The Great Crash of 1929, by John Kenneth Galbraith

Given all the references to the Great Depression lately, I decided to read some books about it. This is the best one I've read. JK Galbraith, the author, was a Harvard economist and he was also pretty funny.

First he explains the speculative fever of the 20s.

That much of what was repeated about the market -- then as now -- bore no relation to reality is important, but not remarkable. Between human beings there is a type of intercourse which proceeds not from knowledge, or even from lack of knowledge, but from failure to know what isn't known. This was true of much of the discourse on the market. At luncheon in downtown Scranton, the knowledgeable physician spoke of the impending split-up in the stock of Western Utility Investors and the effect on prices. Neither the doctor nor his listeners knew why there should be a split-up, why it should increase values, or even why Western Utility Investors should have any value.


It was fueled by confident optimistic statements from business leaders.

Andrew W. Mellon [Treasury Secretary] said, "There is no cause for worry. The high tide of prosperity will continue."

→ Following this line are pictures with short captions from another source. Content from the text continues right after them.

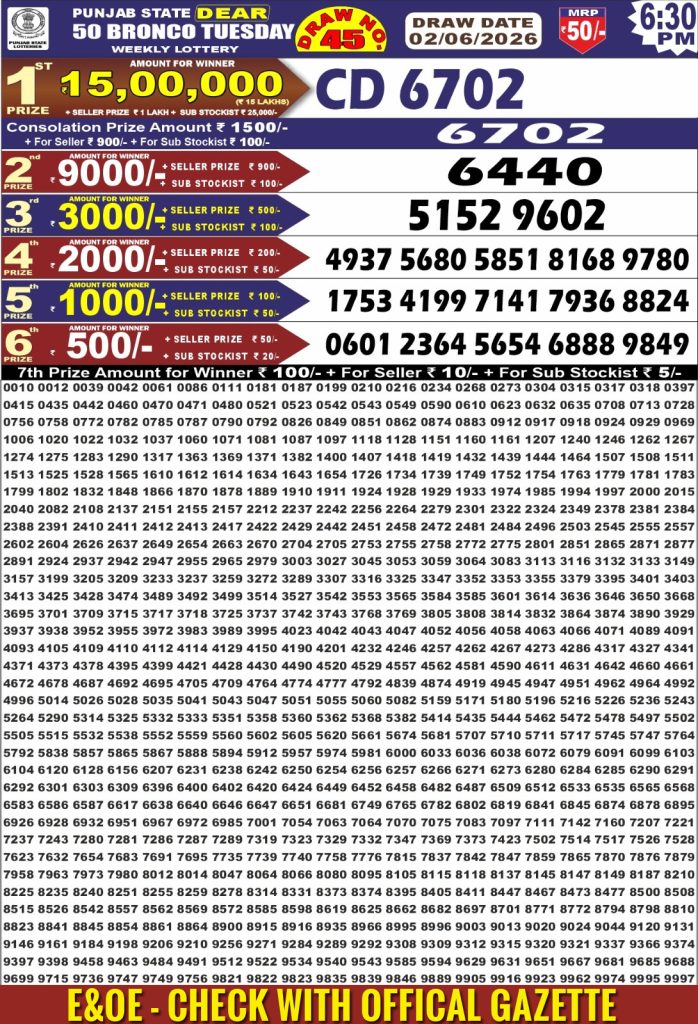 Lottery Result Today 02.06.26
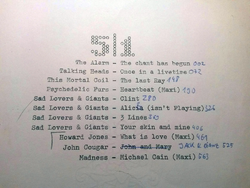 Like the Wind [Unknown Singer] AI cover generator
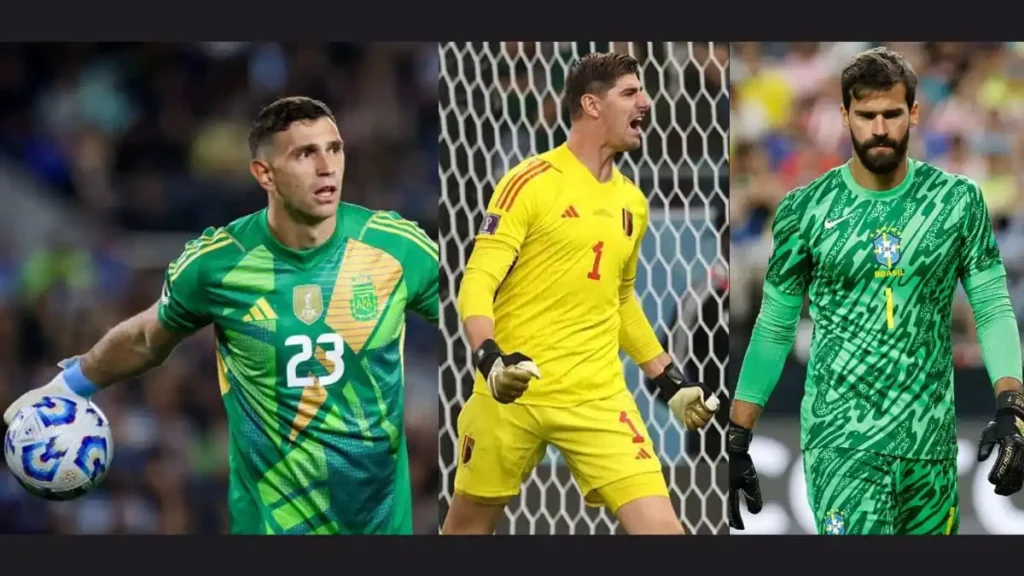IFAB Eyes Major Soccer Rule Overhauls for 2026 FIFA World Cup – From VAR Tweaks to Goalkeeper Clocks, Boosting Ticket Hype 4 Goalkeeper Shot Clock - 8 Seconds rule to Release or Indirect Free Kick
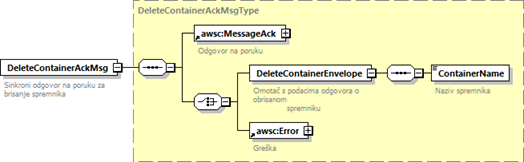 Sinkrona odgovorna poruka DeleteContainerAckMsgType.png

Mr. Mellon did not know. Neither did any of the other public figures who then, as since, made similar statements. These are not forecasts; it is not to be supposed that the men who make them are privileged to look farther in to the future then the rest. ... By affirming solemnly that prosperity will continue, it is believed, one can help insure that propserity will in fact continue. Especially among businessman the faith in the efficiency of such incantation is very great.


As the Crash started, Wall Street tried to reassure the public.

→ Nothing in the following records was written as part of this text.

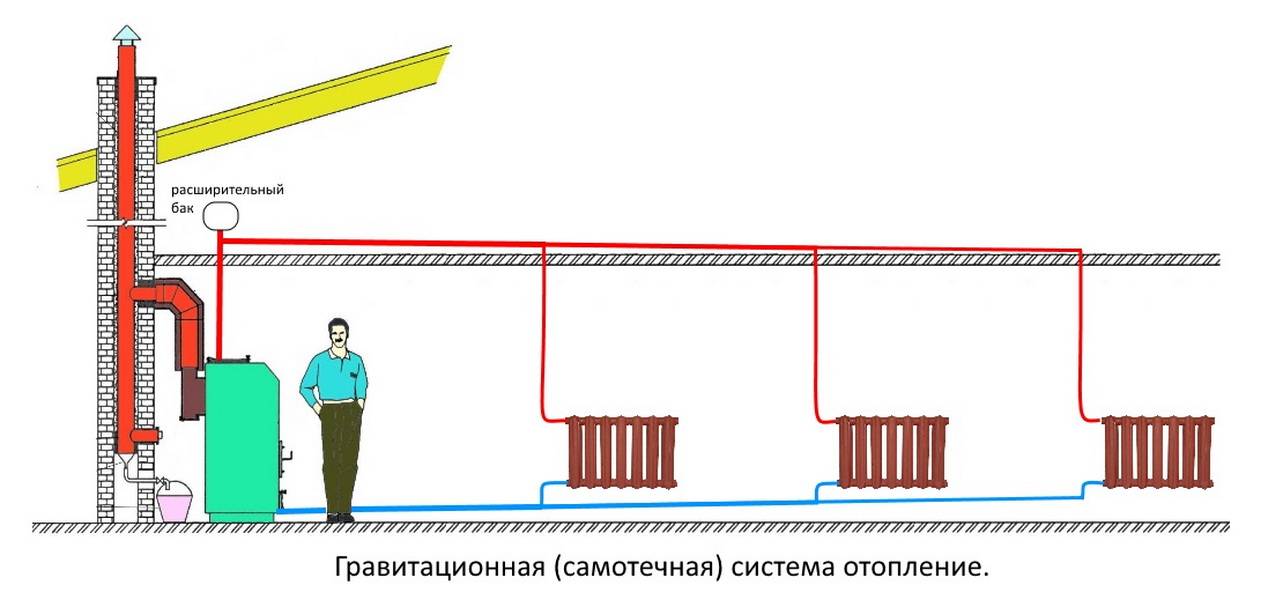 Отопление с естественной циркуляцией в двухэтажном домеутепление дома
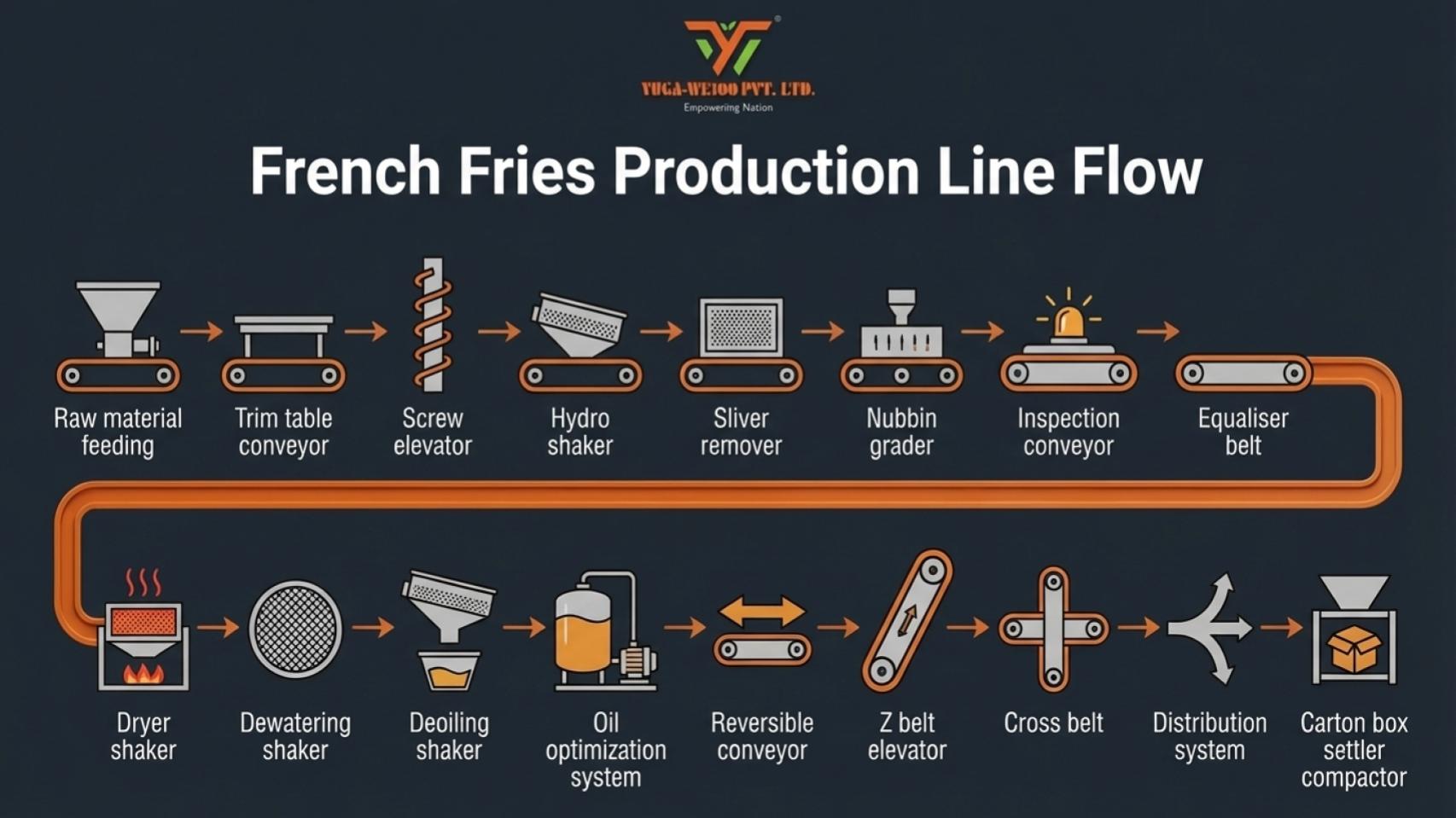 French Fries Production line flow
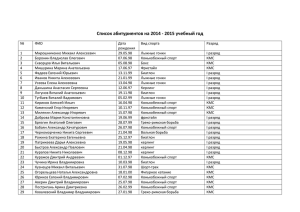 Список абитуриентов на 2014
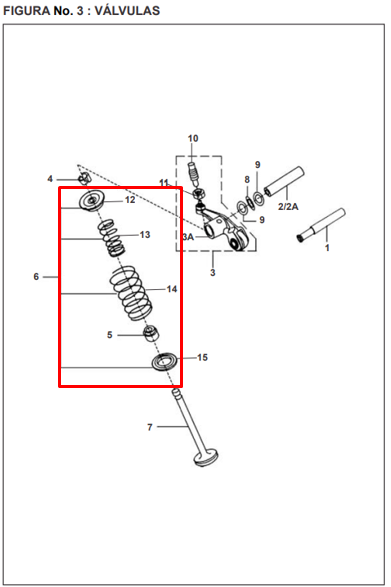 Kit reparacion valvulas pulsarii original BAJAJ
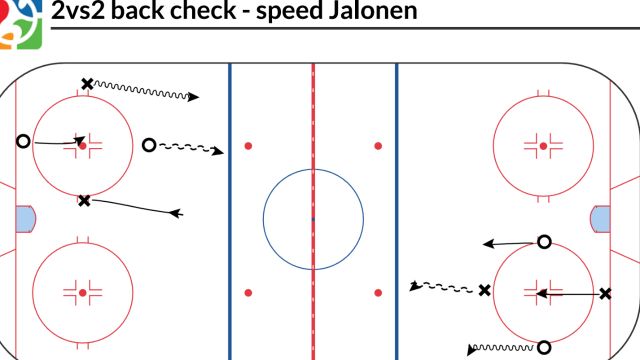 2 vs 2 back check - speed Jalonen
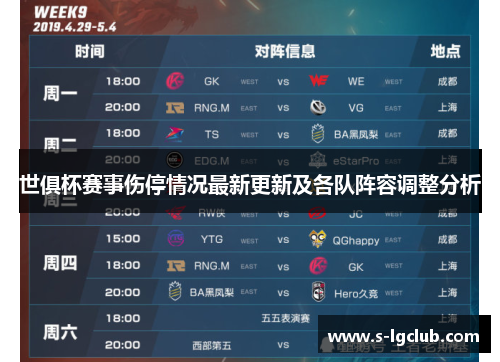 世俱杯赛事伤停情况最新更新及各队阵容调整分析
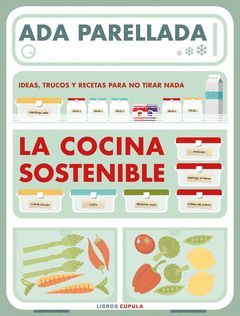 COCINA SOSTENIBLE,LA.CUPULA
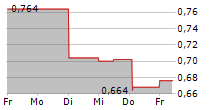 AVTECH SWEDEN AB 5-Tage-Chart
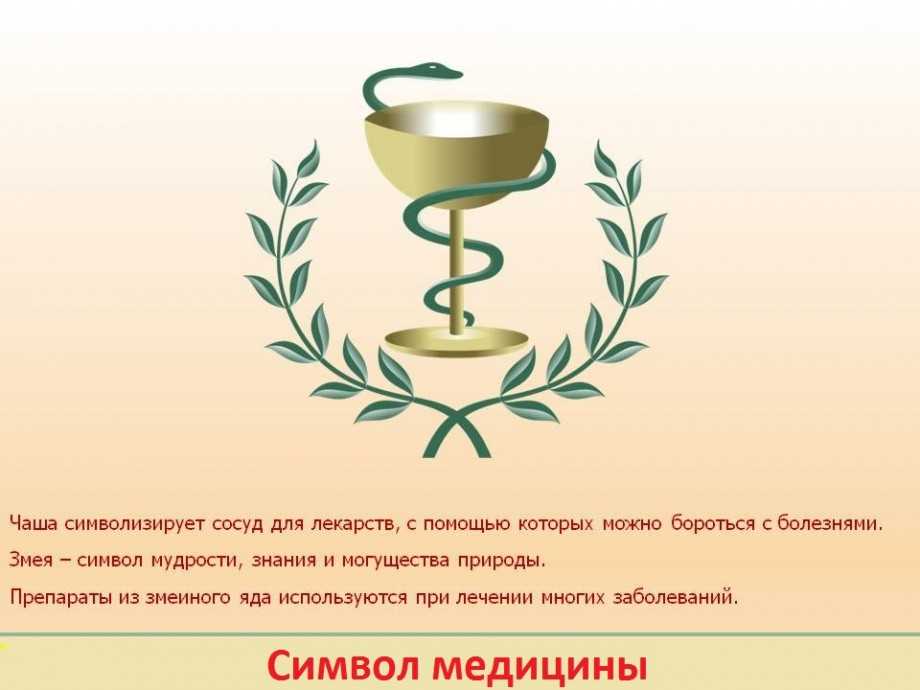 Эмблемы и символы медицины. происхождение медицинских эмблем презентация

When the market fell many Wall Street citizens immediately sensed the real danger, which was that income and employment -- prosperity in general -- would be adversely affected. Preventive incantation required that as many important people as possible repeat as firmly as they could that it wouldn't happen. This they did. They explained how the stock market was merely the froth and that the real substance of economic life rested in production, employment, and spending, all of which would remain unaffected. No one knew for sure that this was so. As an instrument of economic policy, incantation does not permit of minor doubts or scruples.


The Hoover White House tried to look like it was doing something, even though it had no idea what was wrong or how to fix it. Economic summits were a great way to do that.

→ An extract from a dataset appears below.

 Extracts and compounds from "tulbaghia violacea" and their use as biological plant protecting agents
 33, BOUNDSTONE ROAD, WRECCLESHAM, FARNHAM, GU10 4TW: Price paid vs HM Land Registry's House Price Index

In recent times the no-business meeting at the White House -- attended by governors, industrialists, representatives of business, labor, and agriculture -- has become an established institution of government. Some device for simulating action, when action is impossible, is indispensable in a sound and functioning democracy.


Remember McCain's "fundamentally sound" blunder?

On the whole, those who had proclaimed during the crash that business was "fundamentally sound" were not held accountable for their words. The ritualistic nature of their expression was recognized; then as now no one supposed that such spokesmen knew whether business was sound or unsound.


This is a good lesson in general.

One of the pregnant lessons of that year [1929] will by now by plain: it is that very specific and personal misfortune awaits those who presume to believe that the future is revealed to them.